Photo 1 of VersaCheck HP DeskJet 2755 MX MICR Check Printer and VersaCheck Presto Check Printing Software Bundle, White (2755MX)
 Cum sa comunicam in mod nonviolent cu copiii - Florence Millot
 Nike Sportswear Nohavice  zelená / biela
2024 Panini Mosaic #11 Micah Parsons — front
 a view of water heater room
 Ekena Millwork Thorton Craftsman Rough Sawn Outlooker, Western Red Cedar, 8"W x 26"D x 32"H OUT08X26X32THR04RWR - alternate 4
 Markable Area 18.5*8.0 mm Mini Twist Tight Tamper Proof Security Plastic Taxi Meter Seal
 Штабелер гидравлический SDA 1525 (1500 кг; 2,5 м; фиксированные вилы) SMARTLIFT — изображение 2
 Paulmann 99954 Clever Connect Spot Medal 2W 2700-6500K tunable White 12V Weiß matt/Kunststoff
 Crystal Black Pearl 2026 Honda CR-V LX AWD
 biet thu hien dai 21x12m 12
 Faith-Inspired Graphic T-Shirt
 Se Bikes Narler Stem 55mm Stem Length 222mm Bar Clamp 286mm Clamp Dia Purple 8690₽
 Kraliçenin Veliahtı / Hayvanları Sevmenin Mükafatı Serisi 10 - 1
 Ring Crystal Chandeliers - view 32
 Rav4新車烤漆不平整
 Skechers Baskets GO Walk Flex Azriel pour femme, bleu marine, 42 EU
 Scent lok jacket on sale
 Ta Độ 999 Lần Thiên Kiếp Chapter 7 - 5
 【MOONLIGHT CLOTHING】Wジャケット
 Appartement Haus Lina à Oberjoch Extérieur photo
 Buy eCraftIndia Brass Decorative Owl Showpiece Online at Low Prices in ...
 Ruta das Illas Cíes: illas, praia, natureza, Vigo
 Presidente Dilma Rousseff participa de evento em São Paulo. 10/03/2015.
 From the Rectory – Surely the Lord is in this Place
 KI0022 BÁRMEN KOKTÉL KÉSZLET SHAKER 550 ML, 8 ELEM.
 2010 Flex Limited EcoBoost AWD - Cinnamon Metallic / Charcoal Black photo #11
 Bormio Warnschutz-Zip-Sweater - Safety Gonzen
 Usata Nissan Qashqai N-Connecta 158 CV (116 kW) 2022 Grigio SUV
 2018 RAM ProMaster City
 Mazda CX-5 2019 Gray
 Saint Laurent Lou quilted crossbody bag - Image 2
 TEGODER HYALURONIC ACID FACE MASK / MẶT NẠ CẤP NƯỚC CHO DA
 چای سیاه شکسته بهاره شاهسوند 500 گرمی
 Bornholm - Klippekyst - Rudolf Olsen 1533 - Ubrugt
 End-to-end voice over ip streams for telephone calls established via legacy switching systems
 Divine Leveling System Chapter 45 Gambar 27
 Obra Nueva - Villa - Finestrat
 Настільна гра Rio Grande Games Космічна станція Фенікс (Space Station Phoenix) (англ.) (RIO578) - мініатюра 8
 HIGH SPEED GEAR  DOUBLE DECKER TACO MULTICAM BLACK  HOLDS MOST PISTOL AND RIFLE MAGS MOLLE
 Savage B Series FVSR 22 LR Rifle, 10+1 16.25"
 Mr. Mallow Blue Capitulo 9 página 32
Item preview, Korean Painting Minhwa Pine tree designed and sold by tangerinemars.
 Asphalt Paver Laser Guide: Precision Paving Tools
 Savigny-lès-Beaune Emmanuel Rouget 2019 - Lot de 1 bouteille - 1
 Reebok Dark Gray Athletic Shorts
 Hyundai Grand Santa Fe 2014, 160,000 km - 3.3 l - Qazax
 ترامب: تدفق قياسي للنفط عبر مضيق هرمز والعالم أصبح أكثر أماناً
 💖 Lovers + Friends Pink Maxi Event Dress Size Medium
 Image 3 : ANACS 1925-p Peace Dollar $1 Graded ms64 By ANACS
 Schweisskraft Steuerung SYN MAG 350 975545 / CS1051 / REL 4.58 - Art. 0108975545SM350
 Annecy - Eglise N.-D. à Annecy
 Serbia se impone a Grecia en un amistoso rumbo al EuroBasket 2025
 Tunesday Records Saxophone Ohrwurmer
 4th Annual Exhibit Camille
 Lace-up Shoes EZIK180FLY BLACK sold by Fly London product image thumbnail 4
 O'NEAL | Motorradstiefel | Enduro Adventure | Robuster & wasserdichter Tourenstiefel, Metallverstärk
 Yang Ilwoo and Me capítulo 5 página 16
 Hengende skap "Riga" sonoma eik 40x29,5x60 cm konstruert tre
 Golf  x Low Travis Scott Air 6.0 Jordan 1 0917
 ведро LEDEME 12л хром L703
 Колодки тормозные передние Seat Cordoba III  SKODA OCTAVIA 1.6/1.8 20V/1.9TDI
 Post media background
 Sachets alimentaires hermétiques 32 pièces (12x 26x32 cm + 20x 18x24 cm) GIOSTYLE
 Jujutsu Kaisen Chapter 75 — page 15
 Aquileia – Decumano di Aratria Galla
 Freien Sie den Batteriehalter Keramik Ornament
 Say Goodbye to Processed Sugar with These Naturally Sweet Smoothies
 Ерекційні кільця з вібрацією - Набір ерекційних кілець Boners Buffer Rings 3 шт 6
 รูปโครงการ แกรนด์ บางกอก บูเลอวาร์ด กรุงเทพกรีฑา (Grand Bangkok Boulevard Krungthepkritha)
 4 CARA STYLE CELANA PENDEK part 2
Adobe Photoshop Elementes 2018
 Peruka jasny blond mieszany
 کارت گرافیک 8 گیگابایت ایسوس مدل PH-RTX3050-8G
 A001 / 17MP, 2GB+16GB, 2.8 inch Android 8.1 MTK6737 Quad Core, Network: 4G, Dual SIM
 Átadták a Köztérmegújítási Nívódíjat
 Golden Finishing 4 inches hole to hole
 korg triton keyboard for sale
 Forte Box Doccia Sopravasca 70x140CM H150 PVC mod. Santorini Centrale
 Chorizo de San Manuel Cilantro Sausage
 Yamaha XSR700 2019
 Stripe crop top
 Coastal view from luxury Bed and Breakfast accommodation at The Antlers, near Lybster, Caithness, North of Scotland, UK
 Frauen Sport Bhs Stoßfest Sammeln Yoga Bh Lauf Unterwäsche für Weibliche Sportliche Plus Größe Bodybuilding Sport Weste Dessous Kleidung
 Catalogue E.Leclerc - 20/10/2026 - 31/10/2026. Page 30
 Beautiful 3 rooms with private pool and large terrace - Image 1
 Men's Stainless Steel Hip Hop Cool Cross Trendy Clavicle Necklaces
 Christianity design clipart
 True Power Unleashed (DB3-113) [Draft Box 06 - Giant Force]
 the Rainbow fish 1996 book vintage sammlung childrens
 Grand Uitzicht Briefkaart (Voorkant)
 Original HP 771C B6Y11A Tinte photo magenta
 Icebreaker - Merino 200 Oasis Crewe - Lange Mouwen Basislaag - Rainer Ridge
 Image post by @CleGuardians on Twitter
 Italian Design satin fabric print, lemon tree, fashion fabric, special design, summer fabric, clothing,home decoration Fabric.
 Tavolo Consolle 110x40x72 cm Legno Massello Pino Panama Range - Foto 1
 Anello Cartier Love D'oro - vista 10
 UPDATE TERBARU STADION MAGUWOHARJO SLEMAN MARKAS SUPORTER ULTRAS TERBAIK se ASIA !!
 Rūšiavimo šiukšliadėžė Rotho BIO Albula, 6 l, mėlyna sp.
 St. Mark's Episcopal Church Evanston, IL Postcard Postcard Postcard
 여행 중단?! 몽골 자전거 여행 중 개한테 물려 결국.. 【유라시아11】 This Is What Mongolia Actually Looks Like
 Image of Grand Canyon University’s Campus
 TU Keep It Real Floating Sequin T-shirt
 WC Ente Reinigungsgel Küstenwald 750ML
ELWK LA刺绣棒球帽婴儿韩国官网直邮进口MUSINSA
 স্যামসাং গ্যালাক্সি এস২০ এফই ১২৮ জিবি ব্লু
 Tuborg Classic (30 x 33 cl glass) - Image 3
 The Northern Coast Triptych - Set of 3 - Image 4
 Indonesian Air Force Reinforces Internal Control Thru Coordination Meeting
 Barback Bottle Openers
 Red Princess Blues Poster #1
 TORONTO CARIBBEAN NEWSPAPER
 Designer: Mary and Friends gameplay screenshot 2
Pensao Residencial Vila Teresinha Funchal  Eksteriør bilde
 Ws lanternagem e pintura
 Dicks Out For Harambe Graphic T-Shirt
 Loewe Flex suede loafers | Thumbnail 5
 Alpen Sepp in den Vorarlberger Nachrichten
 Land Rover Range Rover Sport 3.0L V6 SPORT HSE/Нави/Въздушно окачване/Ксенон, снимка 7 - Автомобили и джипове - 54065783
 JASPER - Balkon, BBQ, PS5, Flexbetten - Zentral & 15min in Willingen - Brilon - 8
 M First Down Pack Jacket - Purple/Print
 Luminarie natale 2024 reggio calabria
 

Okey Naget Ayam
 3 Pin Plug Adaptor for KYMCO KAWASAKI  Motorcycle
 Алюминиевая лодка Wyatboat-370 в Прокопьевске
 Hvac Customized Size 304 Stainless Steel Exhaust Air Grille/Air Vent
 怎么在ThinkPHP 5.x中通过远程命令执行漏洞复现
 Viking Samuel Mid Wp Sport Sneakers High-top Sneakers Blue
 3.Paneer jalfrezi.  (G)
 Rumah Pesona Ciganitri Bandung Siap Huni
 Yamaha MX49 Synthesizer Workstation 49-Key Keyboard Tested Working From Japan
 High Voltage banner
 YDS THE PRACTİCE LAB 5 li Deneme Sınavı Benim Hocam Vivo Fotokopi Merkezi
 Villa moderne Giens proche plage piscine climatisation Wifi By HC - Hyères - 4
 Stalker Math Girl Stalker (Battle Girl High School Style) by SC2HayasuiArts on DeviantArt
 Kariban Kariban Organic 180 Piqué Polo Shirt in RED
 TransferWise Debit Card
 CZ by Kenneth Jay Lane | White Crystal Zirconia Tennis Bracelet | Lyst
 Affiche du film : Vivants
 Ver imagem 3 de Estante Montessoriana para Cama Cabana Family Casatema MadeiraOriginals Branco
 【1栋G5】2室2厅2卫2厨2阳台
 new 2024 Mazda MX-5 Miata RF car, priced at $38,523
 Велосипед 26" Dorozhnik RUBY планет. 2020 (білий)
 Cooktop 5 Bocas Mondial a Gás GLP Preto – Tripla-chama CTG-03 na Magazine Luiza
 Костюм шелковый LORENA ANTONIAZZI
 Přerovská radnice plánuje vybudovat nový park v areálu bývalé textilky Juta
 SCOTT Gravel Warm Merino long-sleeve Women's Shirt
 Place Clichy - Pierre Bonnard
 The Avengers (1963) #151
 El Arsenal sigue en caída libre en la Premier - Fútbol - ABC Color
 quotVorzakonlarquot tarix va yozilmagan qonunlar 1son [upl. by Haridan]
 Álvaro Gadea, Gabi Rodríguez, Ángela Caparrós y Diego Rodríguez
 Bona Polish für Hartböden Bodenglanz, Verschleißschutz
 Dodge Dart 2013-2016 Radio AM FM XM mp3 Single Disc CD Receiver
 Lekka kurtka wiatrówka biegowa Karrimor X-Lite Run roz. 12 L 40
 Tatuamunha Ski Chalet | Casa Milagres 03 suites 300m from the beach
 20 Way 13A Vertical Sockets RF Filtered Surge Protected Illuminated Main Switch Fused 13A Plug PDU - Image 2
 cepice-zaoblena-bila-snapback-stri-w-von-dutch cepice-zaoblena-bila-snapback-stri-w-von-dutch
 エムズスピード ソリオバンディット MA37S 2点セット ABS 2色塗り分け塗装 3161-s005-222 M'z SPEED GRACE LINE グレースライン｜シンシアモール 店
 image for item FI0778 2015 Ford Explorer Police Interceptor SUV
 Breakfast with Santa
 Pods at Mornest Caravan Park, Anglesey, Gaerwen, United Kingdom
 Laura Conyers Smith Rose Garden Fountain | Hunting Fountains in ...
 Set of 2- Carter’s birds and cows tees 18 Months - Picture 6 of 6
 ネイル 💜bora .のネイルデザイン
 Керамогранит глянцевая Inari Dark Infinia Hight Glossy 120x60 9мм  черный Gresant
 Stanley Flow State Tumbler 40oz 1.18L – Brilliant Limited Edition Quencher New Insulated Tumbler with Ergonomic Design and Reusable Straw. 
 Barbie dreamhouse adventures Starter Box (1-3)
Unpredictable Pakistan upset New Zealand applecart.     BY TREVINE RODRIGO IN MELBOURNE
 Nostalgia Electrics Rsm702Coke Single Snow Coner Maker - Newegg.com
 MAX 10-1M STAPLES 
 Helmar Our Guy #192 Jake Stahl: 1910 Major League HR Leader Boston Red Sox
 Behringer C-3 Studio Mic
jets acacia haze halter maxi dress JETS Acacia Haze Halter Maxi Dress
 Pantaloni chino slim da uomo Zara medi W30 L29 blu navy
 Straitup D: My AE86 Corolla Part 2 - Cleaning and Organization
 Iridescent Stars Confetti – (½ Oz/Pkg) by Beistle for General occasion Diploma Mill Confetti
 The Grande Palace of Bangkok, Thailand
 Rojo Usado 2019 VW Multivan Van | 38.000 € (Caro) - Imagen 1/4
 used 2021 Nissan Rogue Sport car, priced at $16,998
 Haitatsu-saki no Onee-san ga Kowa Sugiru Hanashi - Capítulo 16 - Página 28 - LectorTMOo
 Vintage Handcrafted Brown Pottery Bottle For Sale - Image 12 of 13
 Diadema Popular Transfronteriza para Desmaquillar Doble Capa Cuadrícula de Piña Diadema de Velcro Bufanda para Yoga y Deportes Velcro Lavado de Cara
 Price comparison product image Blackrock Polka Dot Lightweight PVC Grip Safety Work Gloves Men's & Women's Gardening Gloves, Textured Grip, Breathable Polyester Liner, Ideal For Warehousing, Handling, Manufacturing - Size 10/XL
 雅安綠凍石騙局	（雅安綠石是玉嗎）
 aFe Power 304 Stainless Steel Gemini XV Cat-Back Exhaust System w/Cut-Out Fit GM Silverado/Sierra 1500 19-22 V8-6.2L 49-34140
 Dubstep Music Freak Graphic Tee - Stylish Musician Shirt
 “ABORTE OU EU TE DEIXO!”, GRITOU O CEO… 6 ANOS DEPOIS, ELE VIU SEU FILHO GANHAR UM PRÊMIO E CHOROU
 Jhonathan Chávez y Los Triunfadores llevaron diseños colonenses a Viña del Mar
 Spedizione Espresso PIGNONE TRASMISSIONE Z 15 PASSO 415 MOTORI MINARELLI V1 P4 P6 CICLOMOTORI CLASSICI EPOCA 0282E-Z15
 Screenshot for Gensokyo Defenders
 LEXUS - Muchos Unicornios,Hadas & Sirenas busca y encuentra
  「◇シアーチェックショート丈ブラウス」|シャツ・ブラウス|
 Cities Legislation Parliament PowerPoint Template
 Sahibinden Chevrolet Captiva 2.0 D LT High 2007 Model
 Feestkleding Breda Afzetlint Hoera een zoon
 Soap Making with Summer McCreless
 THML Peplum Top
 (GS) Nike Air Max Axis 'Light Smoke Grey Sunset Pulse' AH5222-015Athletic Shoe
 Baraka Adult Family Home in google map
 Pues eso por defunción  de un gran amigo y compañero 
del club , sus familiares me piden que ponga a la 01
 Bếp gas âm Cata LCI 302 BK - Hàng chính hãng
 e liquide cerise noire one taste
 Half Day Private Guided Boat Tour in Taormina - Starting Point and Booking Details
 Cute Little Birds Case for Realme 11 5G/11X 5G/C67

▬▬▬▬▬▬

WORK ITEM »
All lines that hold the word "Bangkok" should be copied from the data.

RESULT BELOW »
 รูปโครงการ แกรนด์ บางกอก บูเลอวาร์ด กรุงเทพกรีฑา (Grand Bangkok Boulevard Krungthepkritha)
 The Grande Palace of Bangkok, Thailand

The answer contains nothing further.